-- Excerpted data --

################

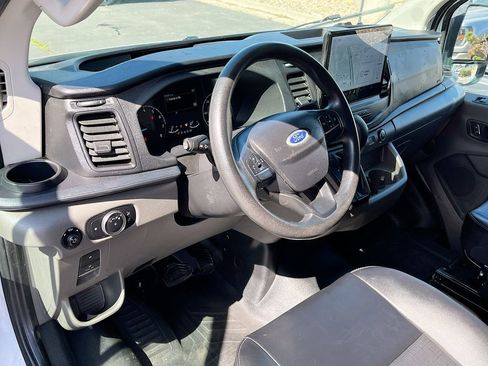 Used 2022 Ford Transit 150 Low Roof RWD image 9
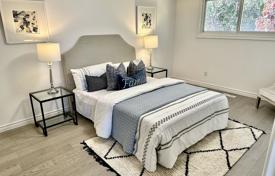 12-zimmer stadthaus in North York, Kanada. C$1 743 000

################

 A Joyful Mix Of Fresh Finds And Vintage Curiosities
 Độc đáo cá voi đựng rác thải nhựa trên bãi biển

################

-- Exercise objective --
Look above and copy only the lines from the one holding "Used 2022 Ford" to the one holding "12-zimmer stadthaus in", both included, exactly, minus the pictures.

-- Response to this exercise --
 Used 2022 Ford Transit 150 Low Roof RWD image 9
 12-zimmer stadthaus in North York, Kanada. C$1 743 000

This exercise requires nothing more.